Implementation of SFL

The following describes a step by step plan for creating an implementation of SFL. Follow the plan.

1. Strings

You will need to use strings quite a bit in the implementation, and you will not want to worry about memory management for them. A good idea is to create a table with all of the strings that you have seen stored in it. Create such a table. Include a function intern(s) that looks up string s in the table and returns the string stored for s. If s is not in the table, it should be inserted.

Choose a very simple implementation of the string table. For example, just use an array, and do a linear search of the array to perform an intern operation. Do not try to be fancy.

When you have the lexer working, submit it using the following command, if your string table files are stringtable.c and stringtable.h.

  ~abrahamsonk/5220/bin/submit strings stringtable.c stringtable.h

(The first word, strings, is the name of the assignment. After that are names of files to submit.)

Deadline: February 2, 11:59pm

2. Lexical analysis

Look at the language description.

Identify all of the reserved words. Write them down.
Identify all of the symbols. Write them down.
Look for other kinds of lexemes that a program can contain. Write them down.

Now you have a list of kinds of lexemes. Decide on a token name for each kind. For lexemes that are one character, such as '(', you can use the character itself as the token. For more complicated lexemes, you will need to choose a name. For example, lexeme -> will need to have a name, such as TOK_ARROW. Create a file that defines numbers for token names. Choose numbers that are 256 or larger. For example, your file might be called token.h, and begin as follows.

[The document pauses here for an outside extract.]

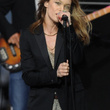 Vanessa Paradis au "Grand Journal" de Cannes : photos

#define TOK_ARROW       256
#define TOK_ID	        257
...

Include a token for every reserved word. Do not try to treat reserved words as identifiers. Also include a definition of type YYSTYPE, as follows.

  typedef union {
    char* str;
  } 
  YYSTYPE;

(YYSTYPE is the type of a token attribute. This assumes that a token attribute is a string.)

Now create a lexical analyzer using Flex. See the Flex manual (pdf version). The lexer should return the tokens. Here is a start.

%{
#include <stdio.h>
#include "token.h"
YYSTYPE yylval;
%}

letter  [a-zA-Z]
digit   [0-9]
id      {letter}+

%%
def     {return TOK_DEF;
        }

'('     {return '(';
        }

"->" {return TOK_ARROW;
        }

{id}    {yylval.str = intern(yytext);
         return TOK_ID;
        }
%%
int yywrap()
{
  return 1;
}

int main(int argc, int argv)
{
  if(argc == 2) {
    yyin = fopen(argv[1], "r");
    if(yyin == NULL) return 1;
    while(1) {
      int tok = yylex();
      if(tok == 0) break;
      else if(tok == TOK_ID) printf("ID, name = %s\n", yylval.str);
      else printf("Token %d\n");
    }
    return 0;
  }
}

You will need to handle all of the lexemes and tokens. You will also need to include handling of spaces and comments. Before you do this, read about the parser. It has some suggestions for lexical analysis.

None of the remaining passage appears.